An exact copy of the records below is needed, with every picture left out.
----- Available records
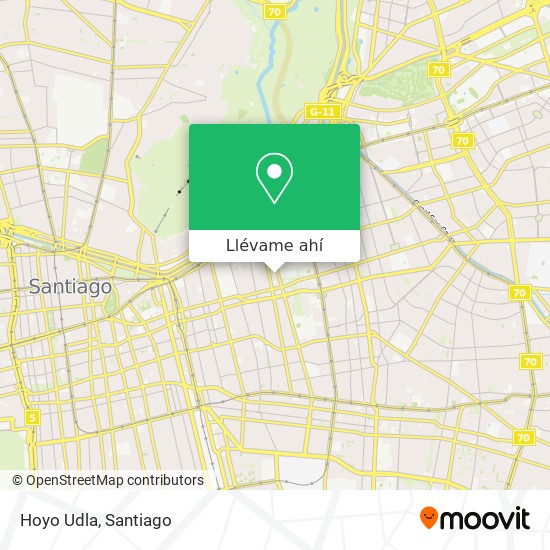 Mapa de Hoyo Udla
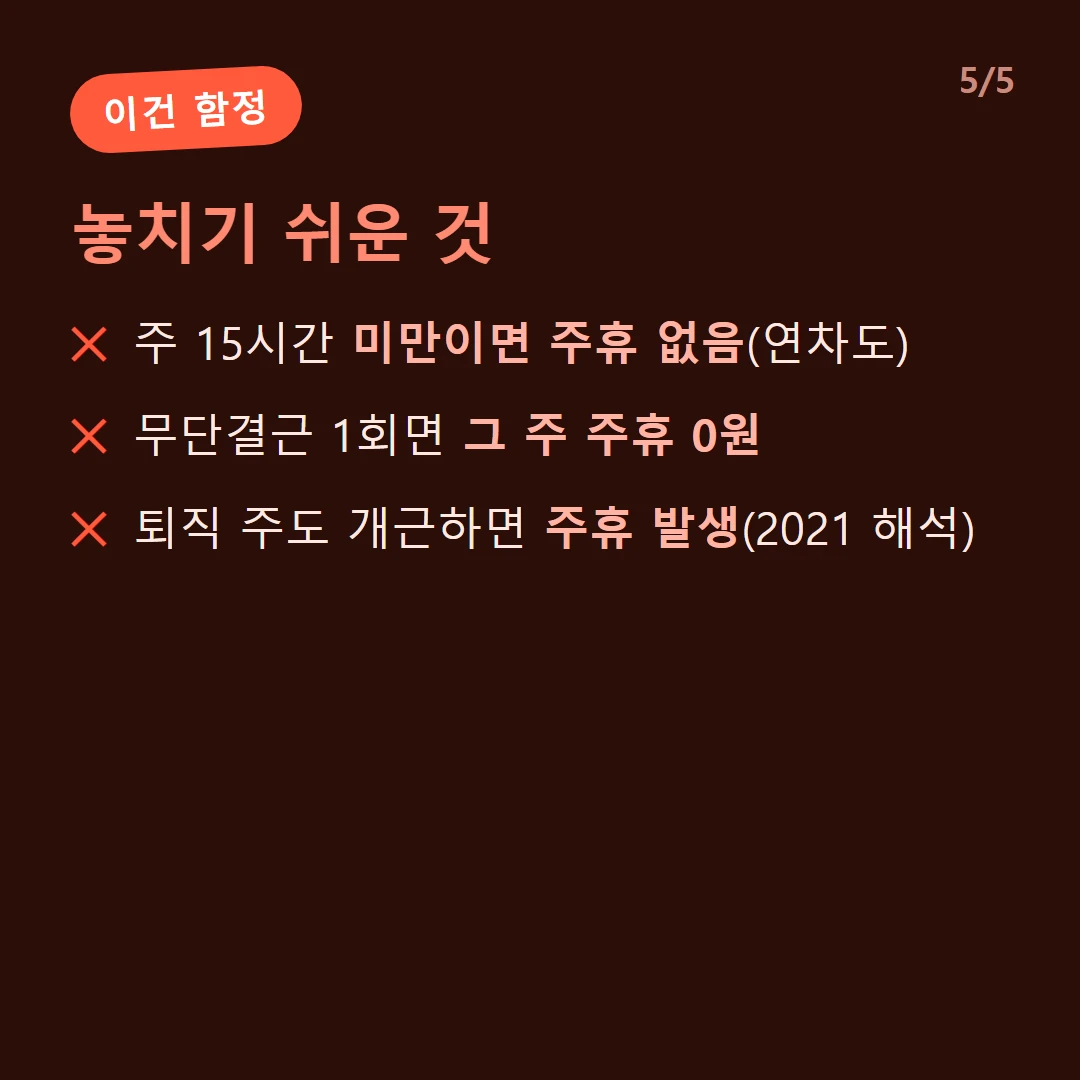 놓치기 쉬운 것 — 주 15시간 미만이면 주휴 없음(연차도) / 무단결근 1회면 그 주 주휴 0원 / 퇴직 주도 개근하면 주휴 발생(2021 해석)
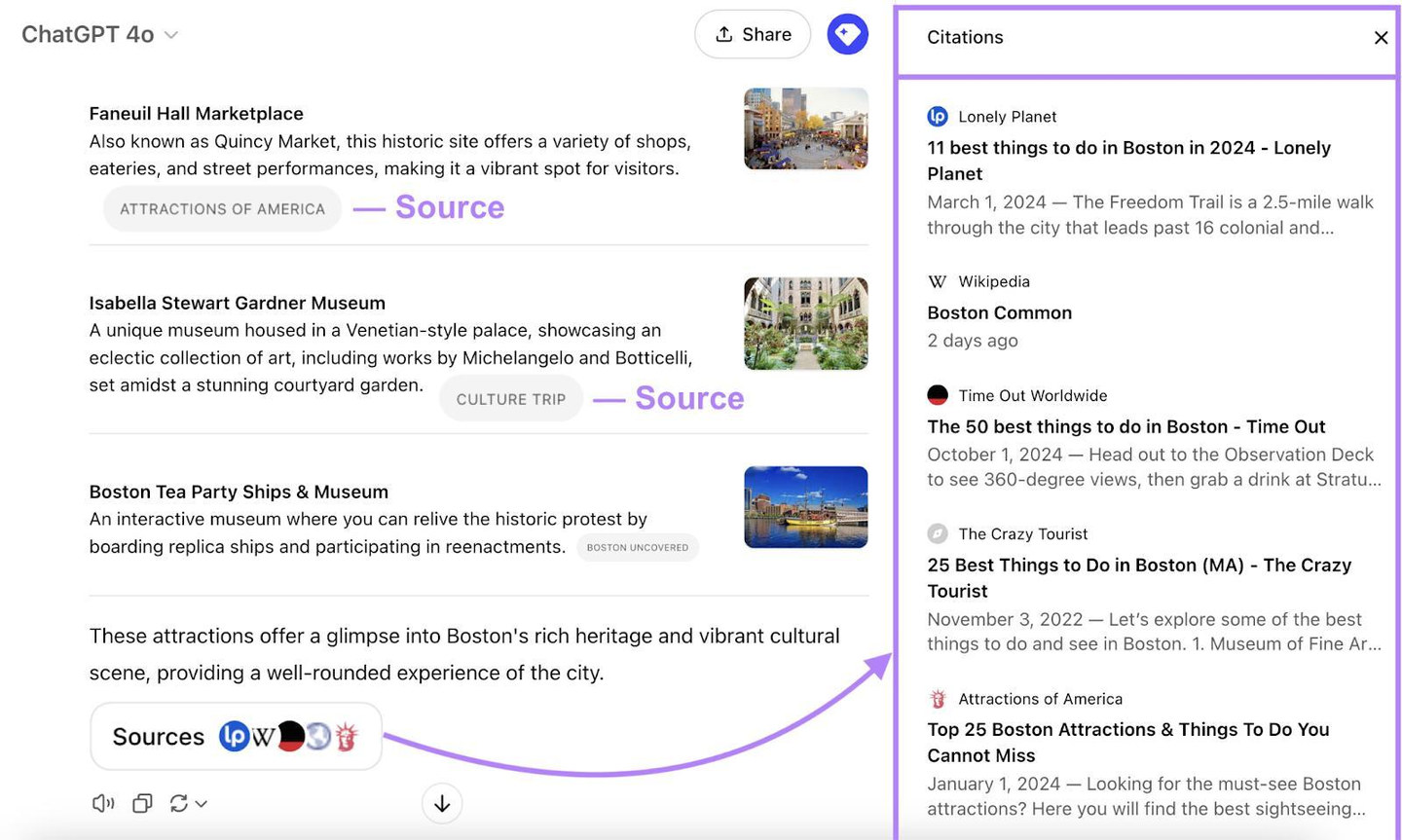 A ChatGPT answer listing Boston attractions, with each entry tagged by the site it came from, next to an open citations panel listing Lonely Planet, Wikipedia, Time Out and other cited pages.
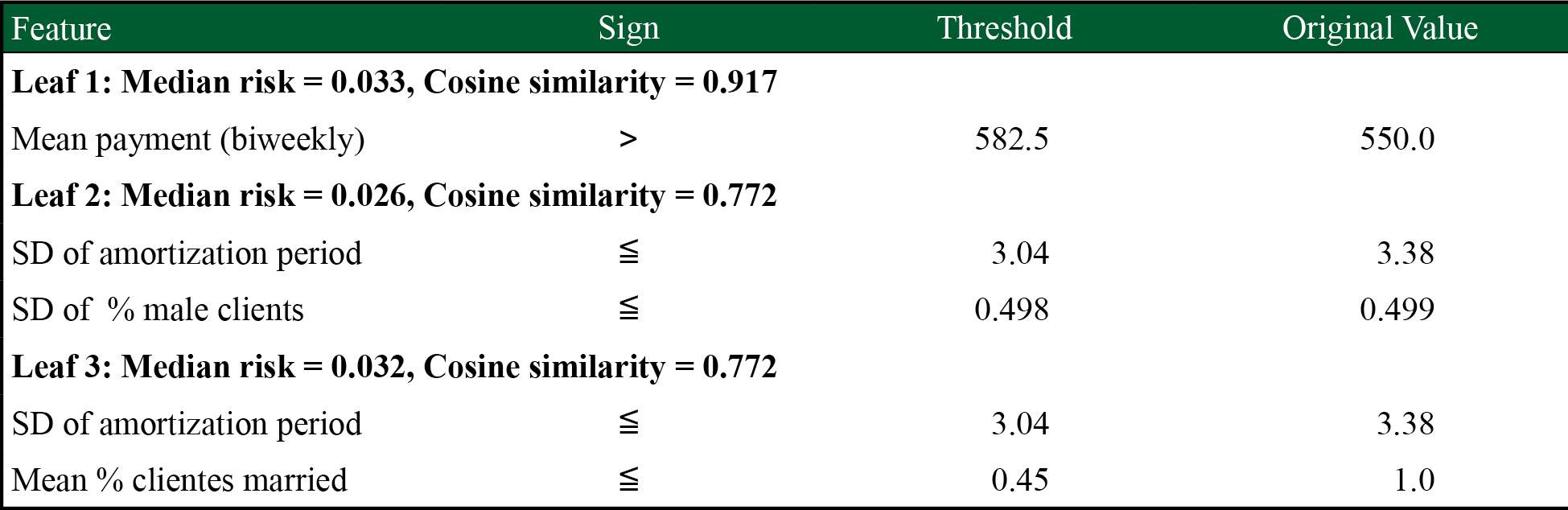Sorted recommendations for a lender with risk value of 0.88. Feature Sign Threshold Original 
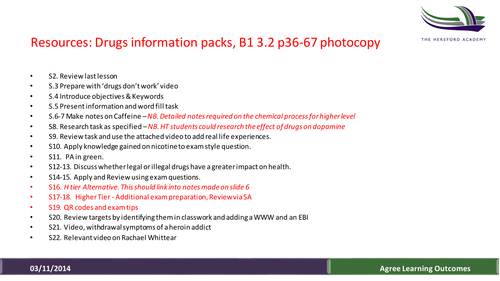 AQA B1 3.2 Recreational Drugs
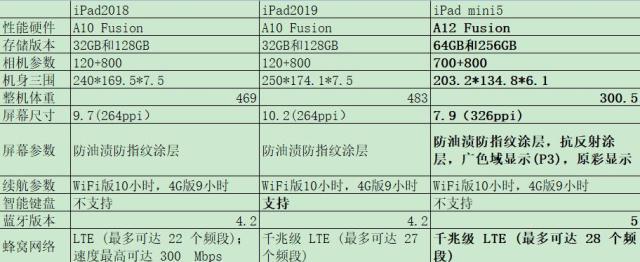 2699ipad10,2599买的ipad2020
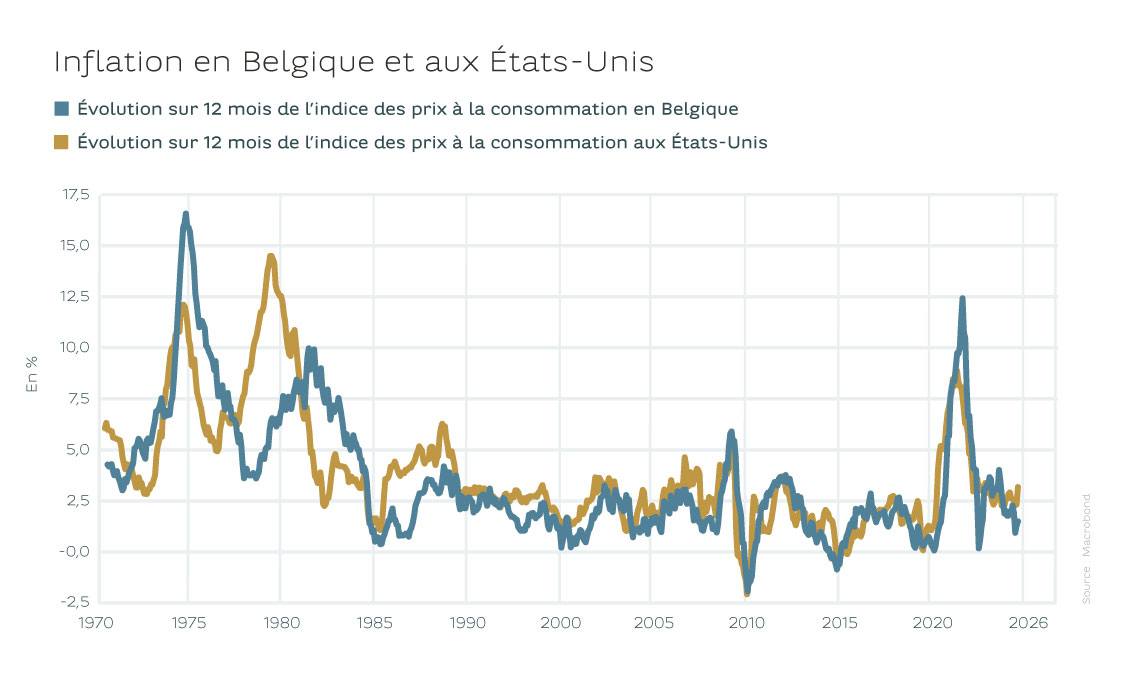 focus-invest-sdhistory-graph1-240426-fr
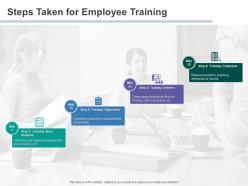 Steps Taken For Employee Training Delivery Ppt Powerpoint Presentation File Images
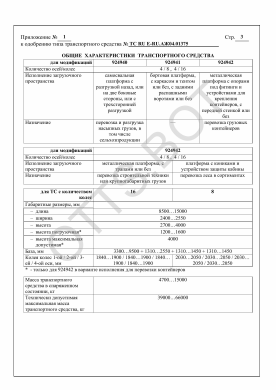 ОТТС ТС RU Е-RU.АЖ04.01375 — превью документа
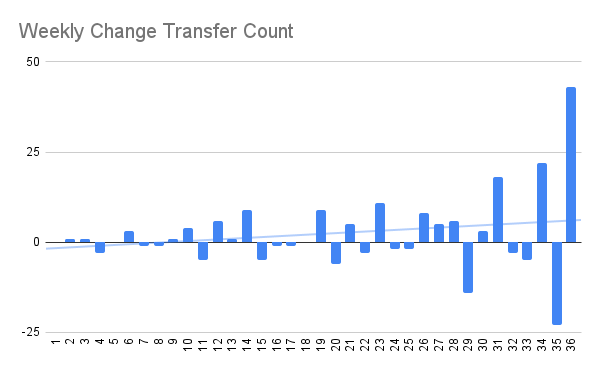 Weekly Change Transfer Count.png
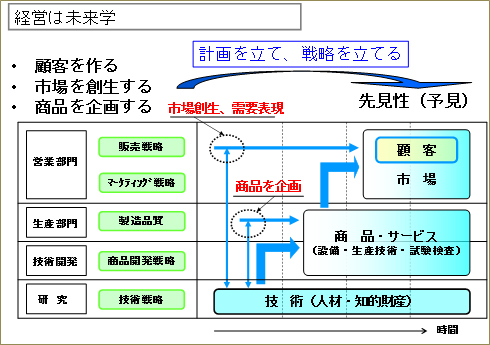 図1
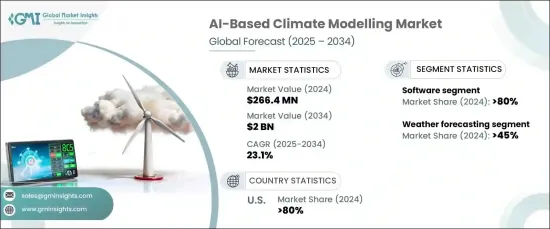 AI-Based Climate Modelling Market - IMG1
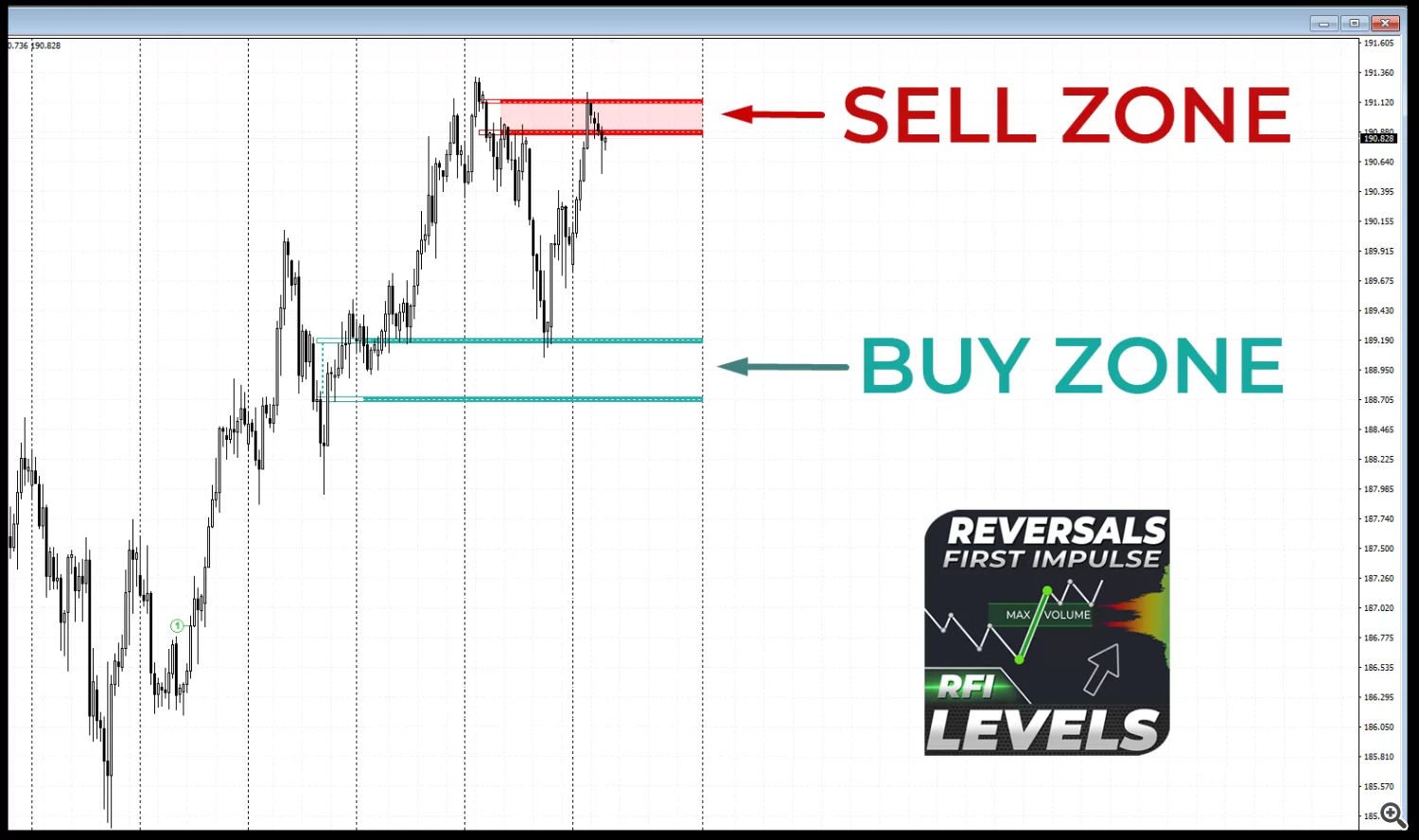 Candlestick-Chart mit gekennzeichneten Sell Zone (rot) und Buy Zone (türkis) sowie RFI Levels Logo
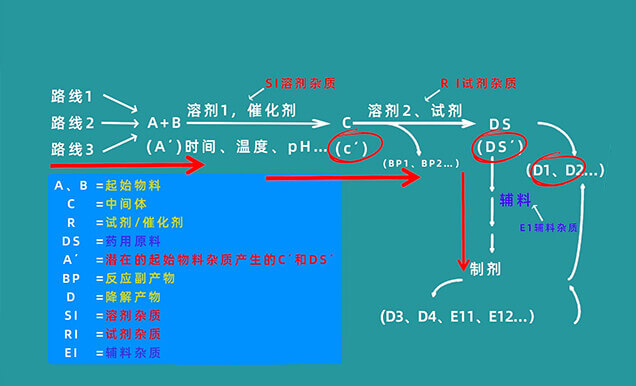 有机杂质控制限度有哪些？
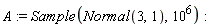 A := Sample(Normal(3, 1), 10^6)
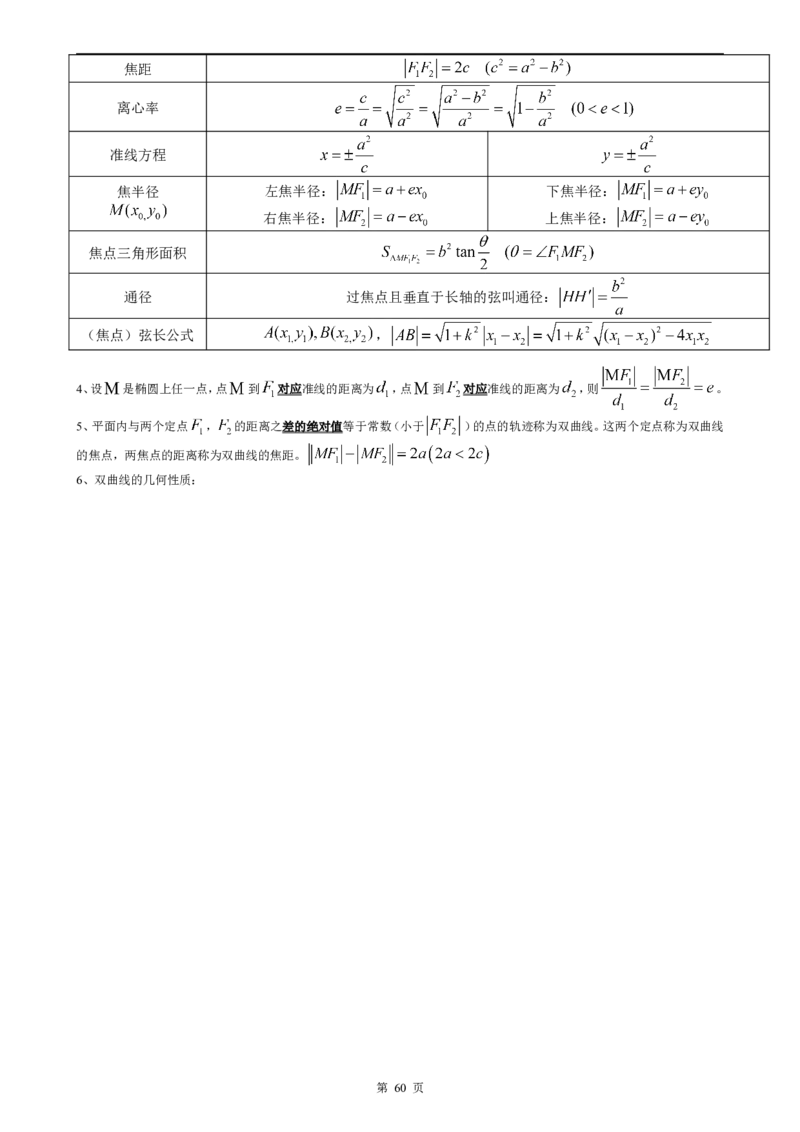 （超详）高中数学知识点归纳汇总_小初高知识点归纳汇总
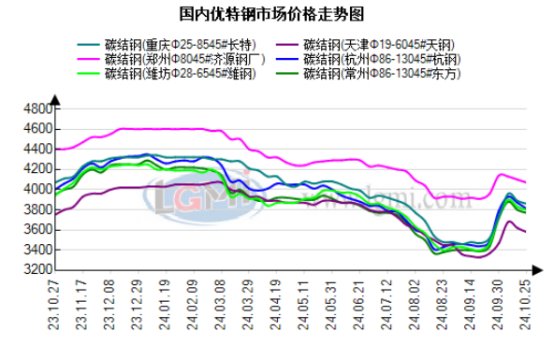 中证鹏元:债市将延续震荡偏强走势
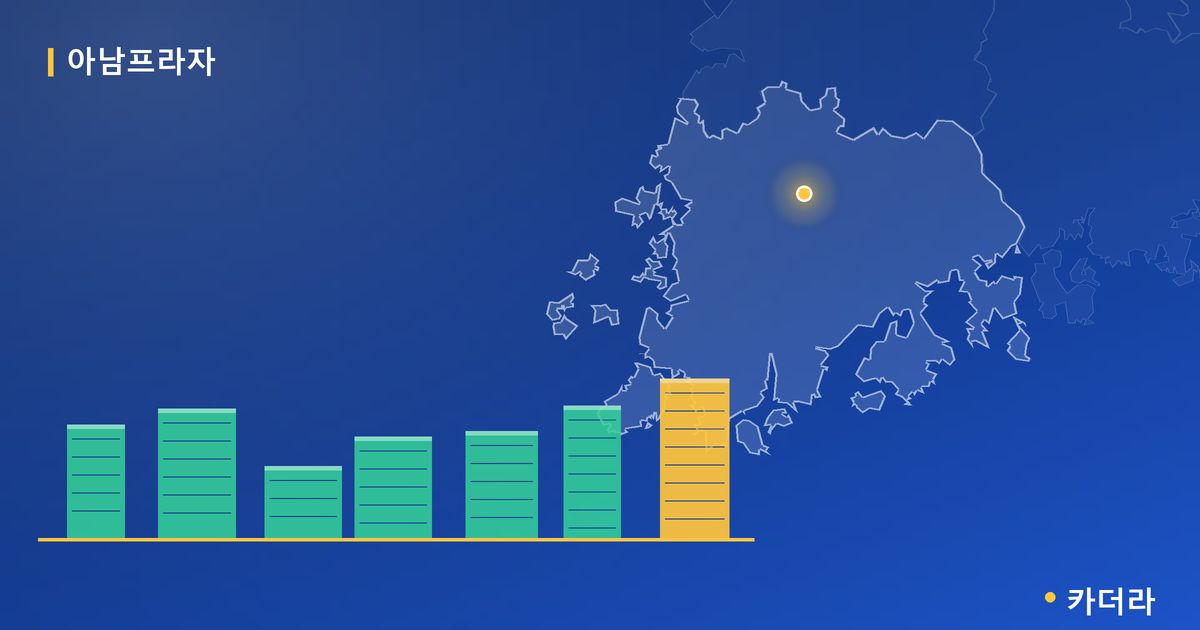 아남프라자 단지 정보 카드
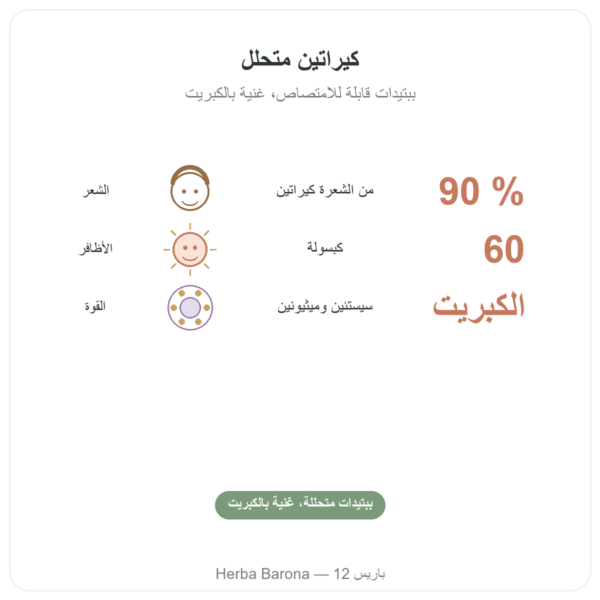 كيراتين Dynveo 60 كبسولة الفوائد والمعطيات الرئيسية Paris Herba Barona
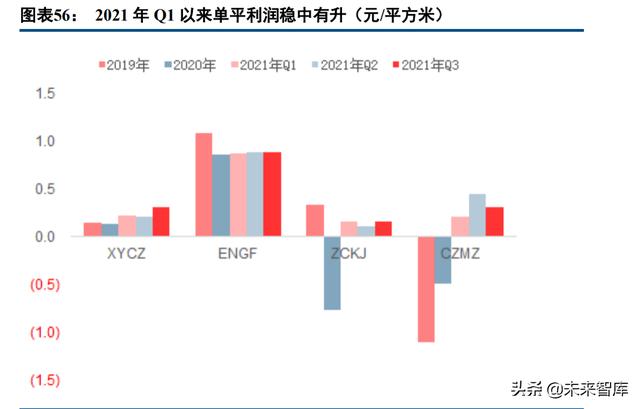 新能源汽车行业深度报告：电流奔涌，在时代的赛道飞驰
----------
## Solved problem
 Mapa de Hoyo Udla
 놓치기 쉬운 것 — 주 15시간 미만이면 주휴 없음(연차도) / 무단결근 1회면 그 주 주휴 0원 / 퇴직 주도 개근하면 주휴 발생(2021 해석)
 A ChatGPT answer listing Boston attractions, with each entry tagged by the site it came from, next to an open citations panel listing Lonely Planet, Wikipedia, Time Out and other cited pages.
Sorted recommendations for a lender with risk value of 0.88. Feature Sign Threshold Original 
 AQA B1 3.2 Recreational Drugs
 2699ipad10,2599买的ipad2020
 focus-invest-sdhistory-graph1-240426-fr
 Steps Taken For Employee Training Delivery Ppt Powerpoint Presentation File Images
 ОТТС ТС RU Е-RU.АЖ04.01375 — превью документа
 Weekly Change Transfer Count.png
 図1
 AI-Based Climate Modelling Market - IMG1
 Candlestick-Chart mit gekennzeichneten Sell Zone (rot) und Buy Zone (türkis) sowie RFI Levels Logo
 有机杂质控制限度有哪些？
 A := Sample(Normal(3, 1), 10^6)
 （超详）高中数学知识点归纳汇总_小初高知识点归纳汇总
 中证鹏元:债市将延续震荡偏强走势
 아남프라자 단지 정보 카드
 كيراتين Dynveo 60 كبسولة الفوائد والمعطيات الرئيسية Paris Herba Barona
 新能源汽车行业深度报告：电流奔涌，在时代的赛道飞驰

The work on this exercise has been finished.